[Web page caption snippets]
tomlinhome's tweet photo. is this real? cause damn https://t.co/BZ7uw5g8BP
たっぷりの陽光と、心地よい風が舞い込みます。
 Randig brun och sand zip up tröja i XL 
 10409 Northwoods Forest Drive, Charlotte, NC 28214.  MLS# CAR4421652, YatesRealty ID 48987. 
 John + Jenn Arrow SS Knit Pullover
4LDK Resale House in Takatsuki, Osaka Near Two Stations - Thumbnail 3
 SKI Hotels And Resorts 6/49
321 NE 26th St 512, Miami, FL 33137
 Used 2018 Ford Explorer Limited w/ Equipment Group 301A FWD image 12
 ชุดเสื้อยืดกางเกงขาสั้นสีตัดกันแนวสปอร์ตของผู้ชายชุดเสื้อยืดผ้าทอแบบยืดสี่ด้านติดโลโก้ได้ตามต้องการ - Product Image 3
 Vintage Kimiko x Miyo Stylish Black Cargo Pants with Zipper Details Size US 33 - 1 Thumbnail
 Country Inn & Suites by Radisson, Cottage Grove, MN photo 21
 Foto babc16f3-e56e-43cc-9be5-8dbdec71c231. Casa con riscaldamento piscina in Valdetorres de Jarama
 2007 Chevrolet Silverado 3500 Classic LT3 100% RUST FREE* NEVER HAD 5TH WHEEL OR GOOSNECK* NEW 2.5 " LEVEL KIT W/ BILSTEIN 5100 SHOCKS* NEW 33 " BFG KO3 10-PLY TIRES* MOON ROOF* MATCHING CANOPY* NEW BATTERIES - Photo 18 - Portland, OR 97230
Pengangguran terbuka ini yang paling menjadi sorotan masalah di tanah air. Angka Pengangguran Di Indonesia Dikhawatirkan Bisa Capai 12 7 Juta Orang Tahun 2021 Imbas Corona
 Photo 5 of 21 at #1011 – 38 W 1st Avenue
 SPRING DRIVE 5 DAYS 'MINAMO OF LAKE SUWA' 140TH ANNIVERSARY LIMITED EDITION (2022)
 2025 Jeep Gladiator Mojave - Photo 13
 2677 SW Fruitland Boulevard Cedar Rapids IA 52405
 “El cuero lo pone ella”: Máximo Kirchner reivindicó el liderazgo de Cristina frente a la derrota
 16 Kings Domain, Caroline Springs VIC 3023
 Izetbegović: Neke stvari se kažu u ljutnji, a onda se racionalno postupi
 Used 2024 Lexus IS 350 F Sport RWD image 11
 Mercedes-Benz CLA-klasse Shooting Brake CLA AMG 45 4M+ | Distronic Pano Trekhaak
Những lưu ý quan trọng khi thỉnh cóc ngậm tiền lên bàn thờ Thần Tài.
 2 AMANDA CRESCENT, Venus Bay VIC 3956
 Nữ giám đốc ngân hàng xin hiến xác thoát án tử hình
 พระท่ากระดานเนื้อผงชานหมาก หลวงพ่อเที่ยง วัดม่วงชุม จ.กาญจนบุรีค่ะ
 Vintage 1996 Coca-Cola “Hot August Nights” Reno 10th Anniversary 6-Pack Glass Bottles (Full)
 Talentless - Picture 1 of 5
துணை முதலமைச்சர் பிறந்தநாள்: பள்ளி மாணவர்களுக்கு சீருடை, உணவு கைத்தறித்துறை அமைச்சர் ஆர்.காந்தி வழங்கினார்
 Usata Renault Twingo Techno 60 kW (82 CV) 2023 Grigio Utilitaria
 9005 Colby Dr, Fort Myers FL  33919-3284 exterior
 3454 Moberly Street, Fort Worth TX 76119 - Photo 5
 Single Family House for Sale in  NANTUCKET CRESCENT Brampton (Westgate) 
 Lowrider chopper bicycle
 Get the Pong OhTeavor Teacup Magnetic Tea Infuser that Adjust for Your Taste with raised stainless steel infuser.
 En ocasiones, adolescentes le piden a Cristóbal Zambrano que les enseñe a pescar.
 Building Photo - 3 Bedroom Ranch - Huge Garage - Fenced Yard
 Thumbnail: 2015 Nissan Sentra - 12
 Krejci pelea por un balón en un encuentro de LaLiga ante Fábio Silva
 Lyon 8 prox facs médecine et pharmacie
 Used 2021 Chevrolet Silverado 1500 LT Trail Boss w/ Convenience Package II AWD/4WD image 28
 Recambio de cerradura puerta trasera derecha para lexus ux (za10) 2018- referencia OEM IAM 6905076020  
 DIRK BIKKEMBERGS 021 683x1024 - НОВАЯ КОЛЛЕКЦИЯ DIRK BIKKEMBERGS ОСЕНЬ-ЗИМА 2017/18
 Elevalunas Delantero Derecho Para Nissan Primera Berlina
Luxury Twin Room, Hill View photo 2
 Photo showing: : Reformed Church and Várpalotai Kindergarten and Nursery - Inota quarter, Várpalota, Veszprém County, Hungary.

▸ **Prompt**
All lines above from the one holding "4LDK Resale House" to the one holding "Vintage Kimiko x", inclusive, are to be copied exactly; no other line is wanted.

▸ **Exercise answer**
4LDK Resale House in Takatsuki, Osaka Near Two Stations - Thumbnail 3
 SKI Hotels And Resorts 6/49
321 NE 26th St 512, Miami, FL 33137
 Used 2018 Ford Explorer Limited w/ Equipment Group 301A FWD image 12
 ชุดเสื้อยืดกางเกงขาสั้นสีตัดกันแนวสปอร์ตของผู้ชายชุดเสื้อยืดผ้าทอแบบยืดสี่ด้านติดโลโก้ได้ตามต้องการ - Product Image 3
 Vintage Kimiko x Miyo Stylish Black Cargo Pants with Zipper Details Size US 33 - 1 Thumbnail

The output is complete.